Exercise brief:
Pictures must not appear in your answer. Write out exactly the lines from the one with "Thumbnail: 2013 Jeep Wrangler - 15" through the last line of the entries below.

[Short text fragments from websites]
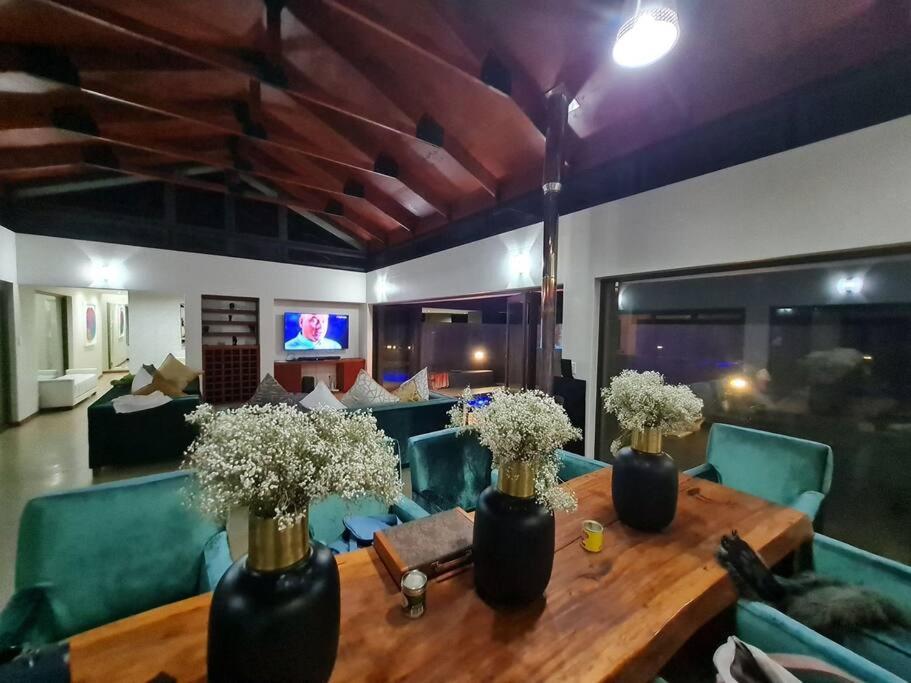 No 16 Elements - 5 Bedroom Beauty *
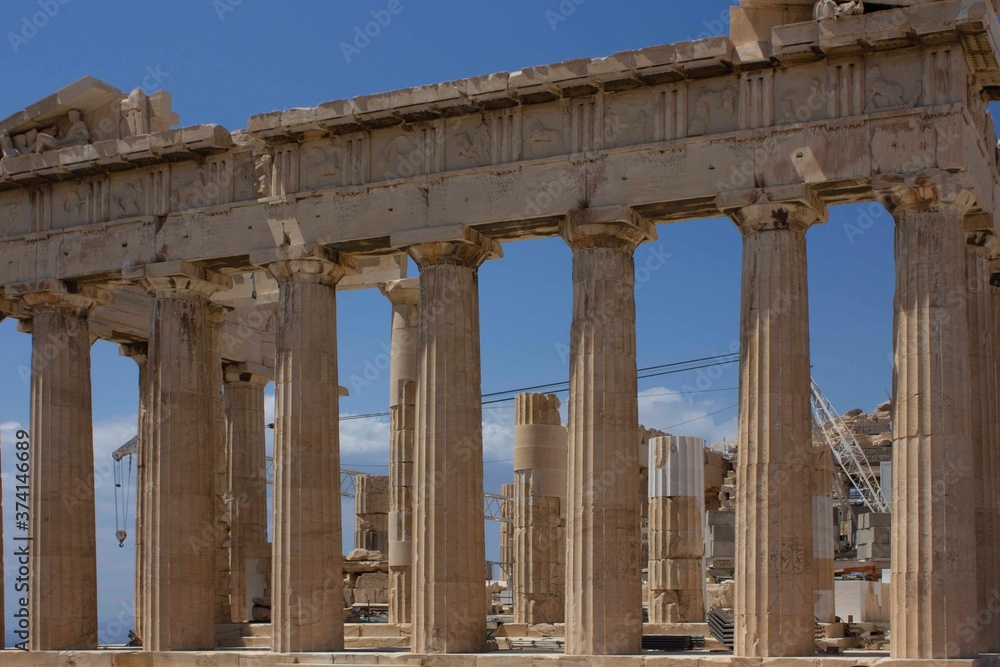 Fototapeta premium Architectural detail of the Parthenon under renovation works in Athens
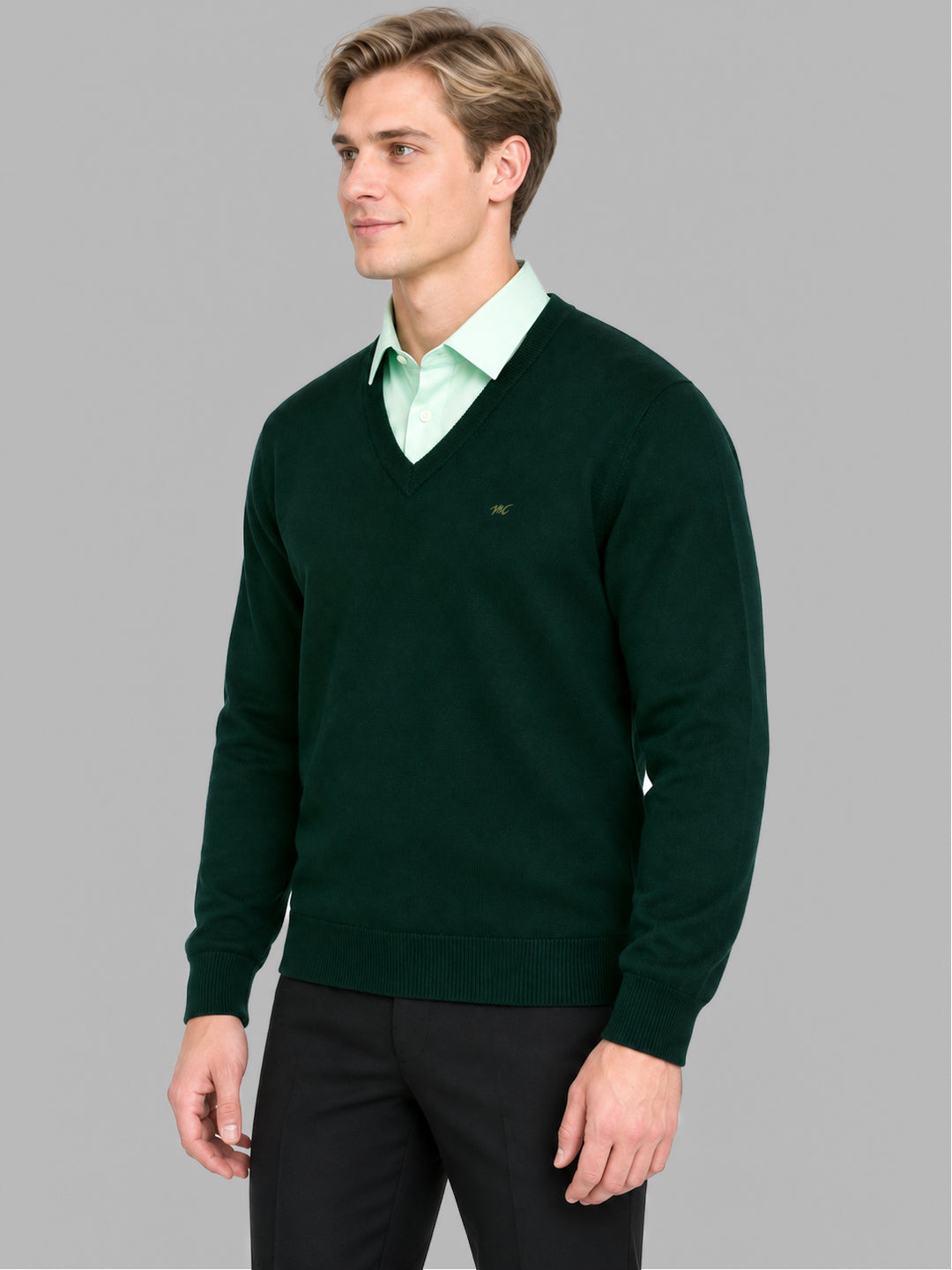 Men Bottle Green Solid V Neck Full Sleeve Pullover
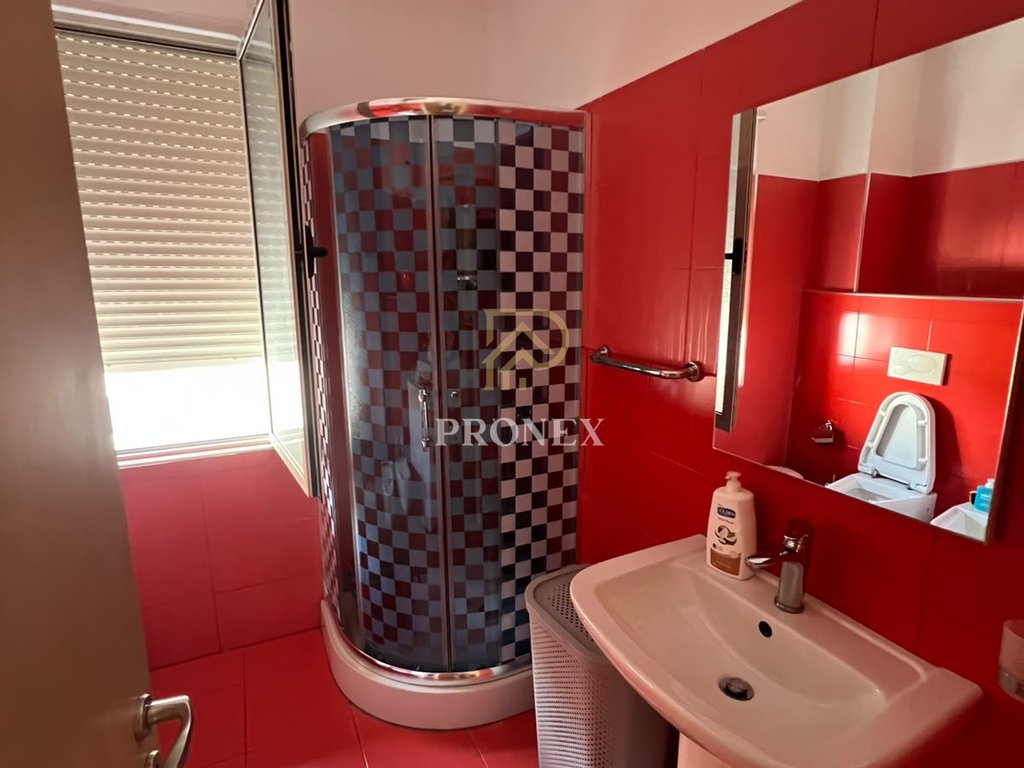Apartament me qera 2+1 tek Liqeni i Thate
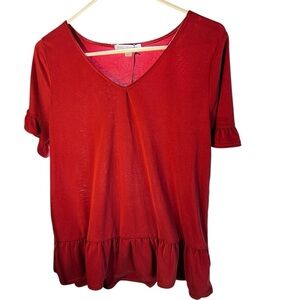 Green Envelope Red Short Sleeve Ruffle Tee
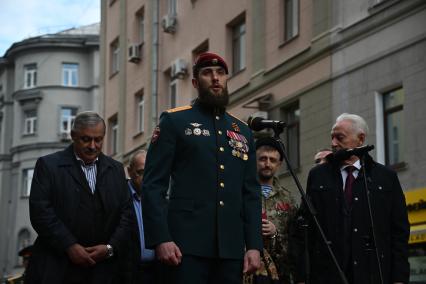 Выставка Александра Шилова Они сражались за Родину\" на Арбате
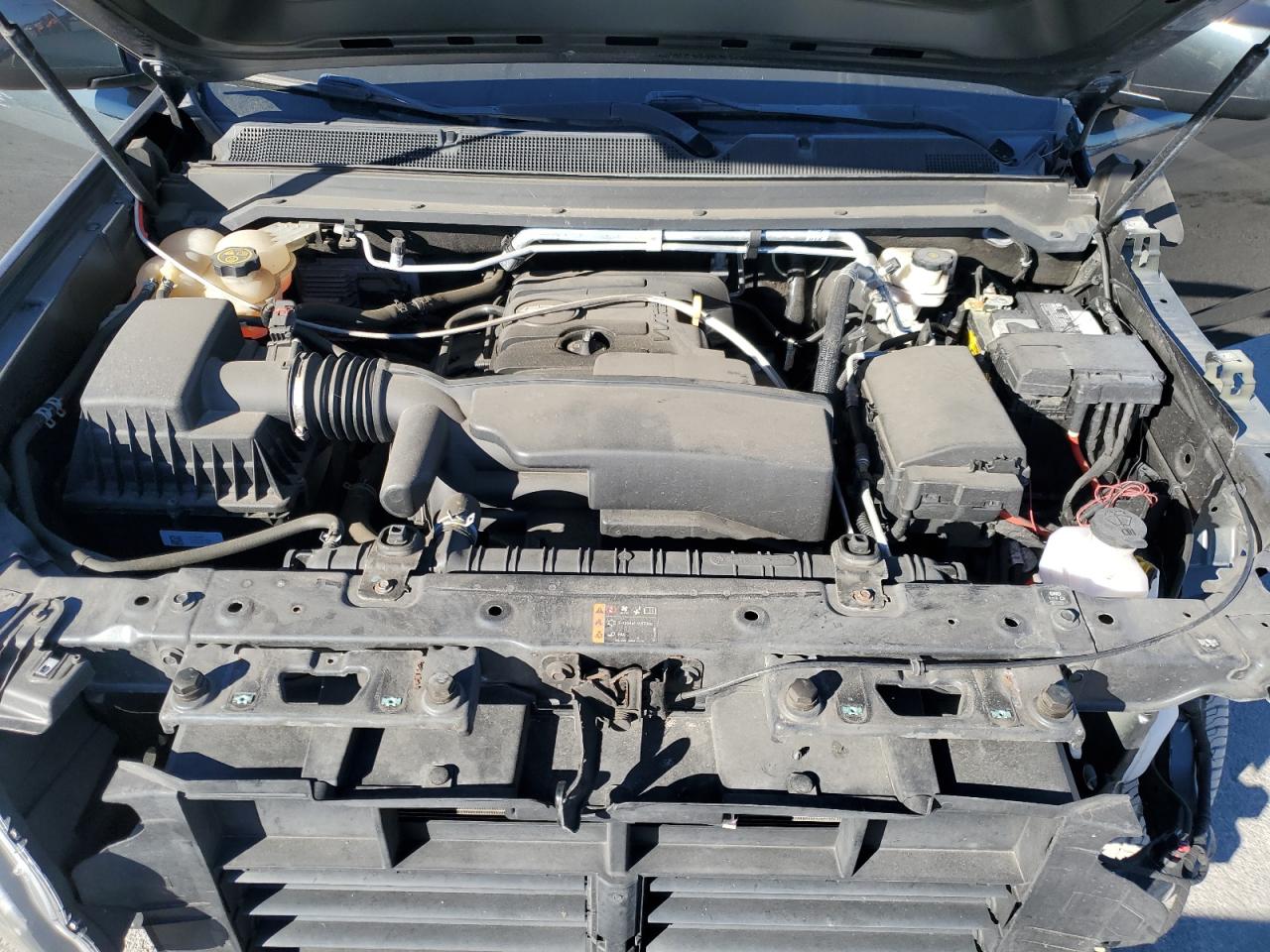 2018 Chevrolet Colorado - Image 11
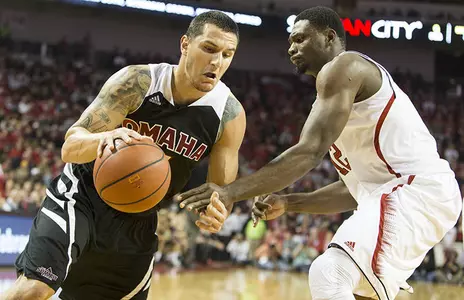 Mavericks Fall Short at Air Force, 77-61 - Omaha Athletics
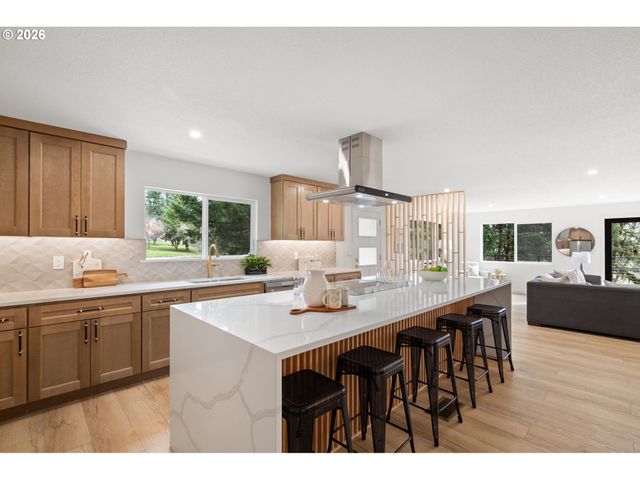 27672 Sw LEPLEY Ln, Hillsboro, OR 97123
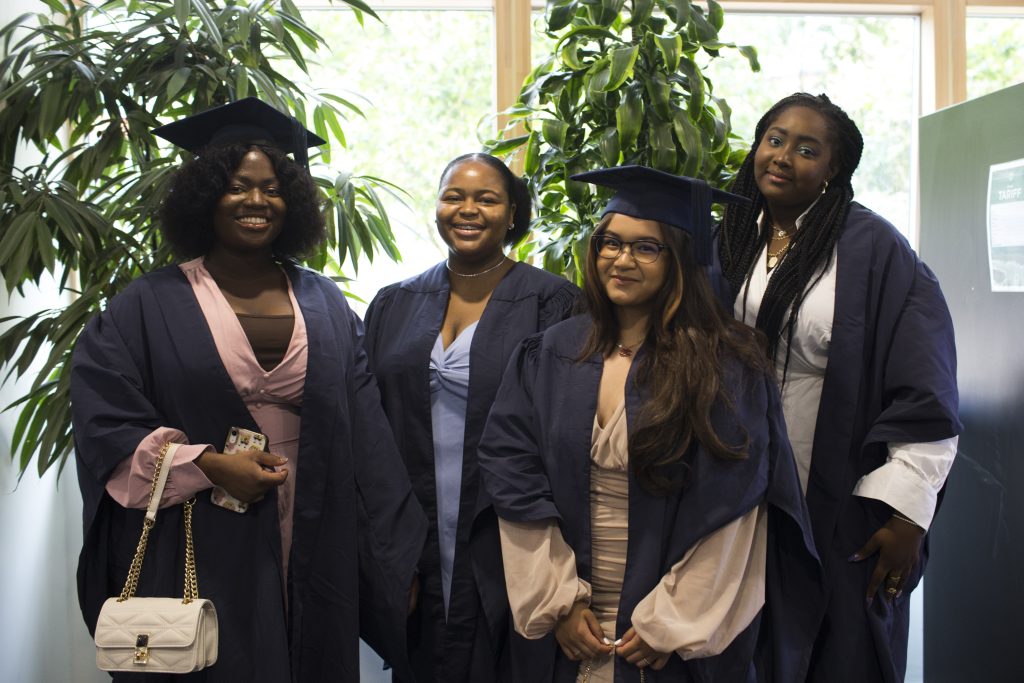 Alumnas nigerianas que se gradúan en el Abbey College Camabridge 2021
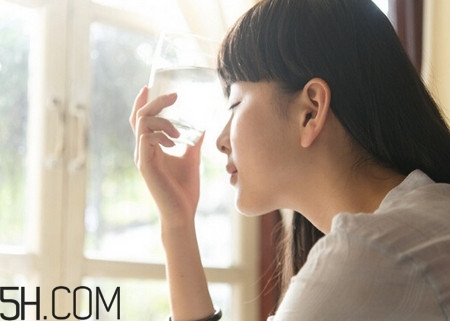 女性初潮一般多少歲？女性初潮年齡如何預測？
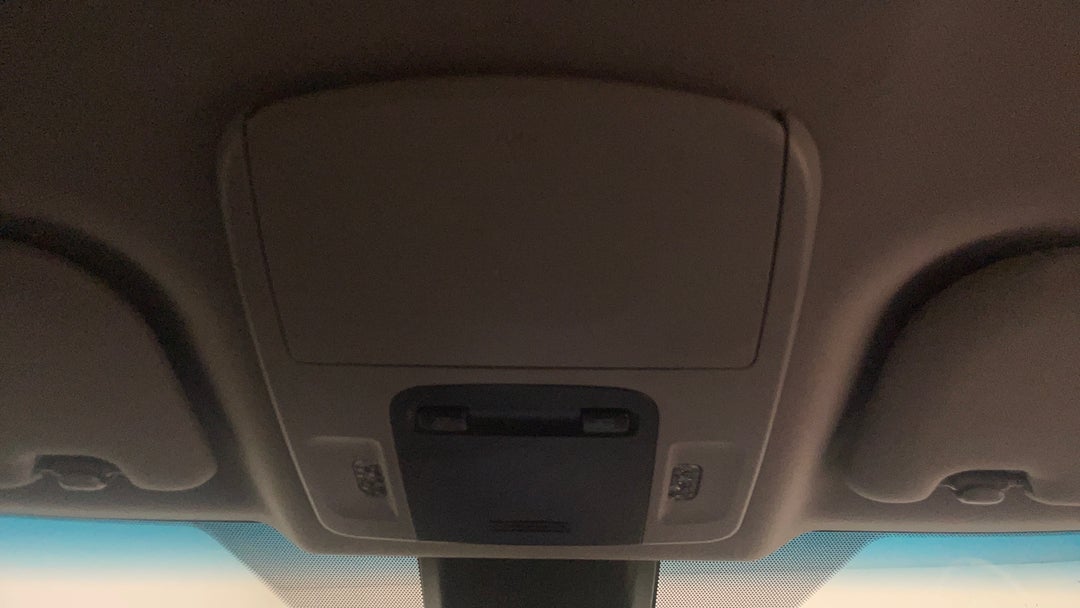 2018 Toyota Camry Ascent Hybrid, Automatic, 173422 km, On-Roof Controls/Sunglass holder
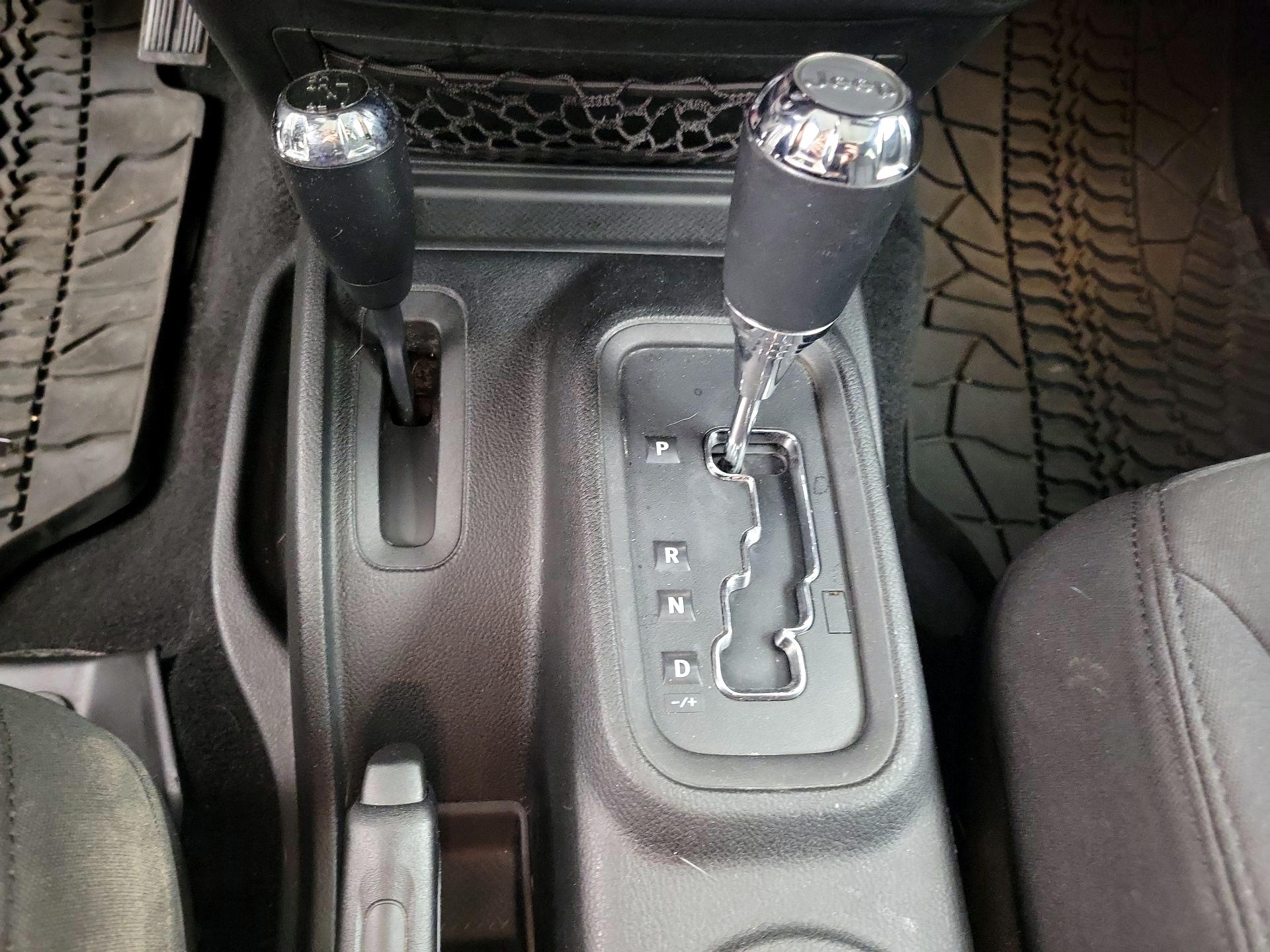 Thumbnail: 2013 Jeep Wrangler - 15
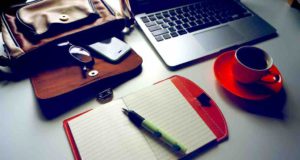 Mobil arbeiten und was dabei wichtig ist! Mobil arbeiten liegt im Trend. Immer mehr Menschen bevorzugen das Home Office (Foto: Pixabay)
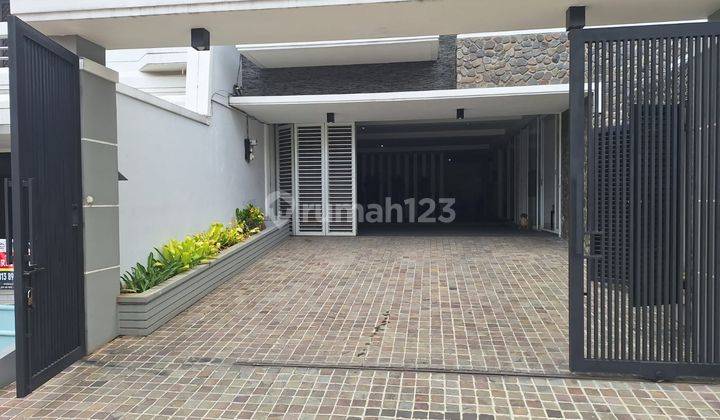 Rumah Cantik Minimalis Modern Green Garden Jakarta Barat  1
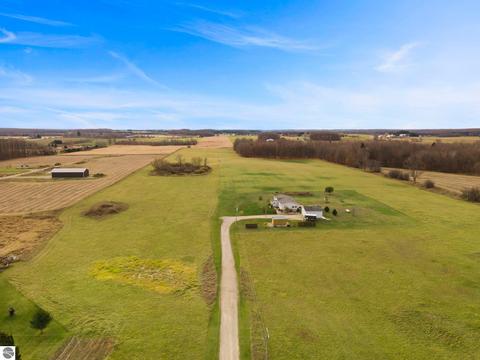 4433 Hamlin Rd, Grawn, MI 49637 photo 38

Exercise answer:
 Thumbnail: 2013 Jeep Wrangler - 15
 Mobil arbeiten und was dabei wichtig ist! Mobil arbeiten liegt im Trend. Immer mehr Menschen bevorzugen das Home Office (Foto: Pixabay)
 Rumah Cantik Minimalis Modern Green Garden Jakarta Barat  1
 4433 Hamlin Rd, Grawn, MI 49637 photo 38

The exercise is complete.